8

You are given an image of a surface photographed by a satellite.The image is a bitmap where water is marked by '.' and land is marked by '*'. Adjacent group of '*'s form an island. (Two '*' are adjacent if they are horizontal, vertical or diagonal neighbours). Your task is to print the number of islands in the bitmap.

Example Input:-

.........**
**......***
...........
...*.......
*........*.
*.........*

Output:- 5

Here, is my implementation which takes O(r * c) space and O(r * c) space where r is total no. of rows and c is total no of cols.

#include <stdio.h>
#define COLS 12

void markVisted(char map[][COLS], int visited[][COLS], int row, int col, int rowCount)
{
    if((row < 0) || (row >= rowCount) || (col < 0) || (col >= COLS) || (map[row][col] != '*') || (visited[row][col] == 1)) return;

    visited[row][col] = 1;

    //calling neighbours
    markVisted(map, visited, row+1, col, rowCount);
    markVisted(map, visited, row, col+1, rowCount);
    markVisted(map, visited, row-1, col, rowCount);
    markVisted(map, visited, row, col-1, rowCount);
    markVisted(map, visited, row+1, col+1, rowCount);
    markVisted(map, visited, row-1, col-1, rowCount);
    markVisted(map, visited, row-1, col+1, rowCount);
    markVisted(map, visited, row+1, col-1, rowCount);
}
int countIslands(char map[][COLS], int visited[][COLS], int rowCount)
{
    int i, j, count = 0;
    for(i=0; i<rowCount; ++i){
        for(j=0; j<COLS; ++j){

            if((map[i][j] == '*') && (visited[i][j] == 0)){
                ++count;
                markVisted(map, visited, i, j, rowCount);
            }
        }
    }
    return count;
}

int main()
{
    char map[][COLS] = {
                    "*..........",
                    "**........*",
                    "...........",
                    "...*.......",
                    "*........*.",
                    "..........*"               
                    };
    int rows = sizeof(map)/sizeof(map[0]);
    int visited[rows][COLS], i, j;  

    for(i=0; i<rows; ++i){
        for(j=0; j<COLS; ++j) visited[i][j] = 0;
    }

    printf("No. of islands = %d\n", countIslands(map, visited, rows));


    return 0;
}

please suggest some better logic for this problem
also, suggestions to improve my solution is welcomed.

Mathew Thompson
  • 55,877
  • 15
  • 127
  • 148
Eight
  • 4,194
  • 5
  • 30
  • 51
  • The question is interesting, but describing your algorithm by printing the source code is poor.
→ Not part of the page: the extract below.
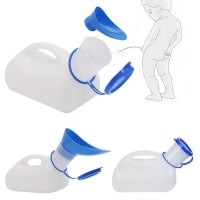 1000ml Portable Urinal for Travel, Camping and Outdoors - Unisex Plastic Urine Bottle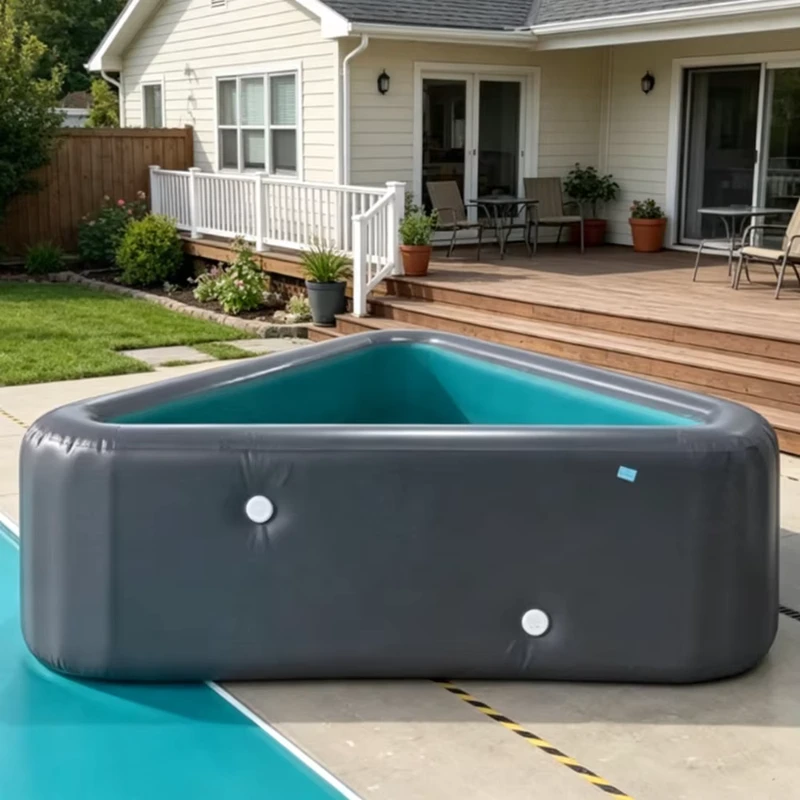 Aufblasbares Spa-Pool Aufblasbares Schwimmbecken für Garten Zuhause Weich Bequem Tragbar Aufblasbares Hydrotherapie Freizeitbecken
You need to provide an explanation. –  Aug 13 '12 at 14:16
  • 1
    Sometimes, though, the source *is* the best documentation. – JayC Aug 13 '12 at 14:20
  • 5
    Your algorithm is well written and fine enough and there is no algorithm better than yours, because any algorithm to solve this should check each node state at least one time and will have a same order as your algorithm. – Saeed Amiri Aug 13 '12 at 14:21
  • 1
    By `O (n ^ 2)` you really mean `O (r * c)`, right? – pmg Aug 13 '12 at 14:22
  • Right, if `n` is your input size this is actually `O(n)` as you do one thing for each input cell. – Claudiu Aug 13 '12 at 14:22
  • 1
    I think this might be more on-topic in [Code Review](http://codereview.stackexchange.com/), but it appears to be welcome here, so I don't know for sure. – hyper-neutrino Apr 08 '17 at 21:10

5 Answers5

9

I think the confusion here is that your algorithm does actually run in linear time, not quadratic time.

When using big-O notation, n stands for the input size. Your input here is not just r or just c, but rather, r * c, as it is a grid of nodes. Your algorithm runs in O(r * c), as you said in your question... thus your algorithm runs in O(n) which is linear time.

It seems to me that any algorithm that solves this problem will have to read each input cell once in the worst case. Thus the best running time you can hope for is O(n). As your algorithm runs in O(n) you can't have any algorithm that runs of a faster order, in the worst case, than the algorithm you proposed.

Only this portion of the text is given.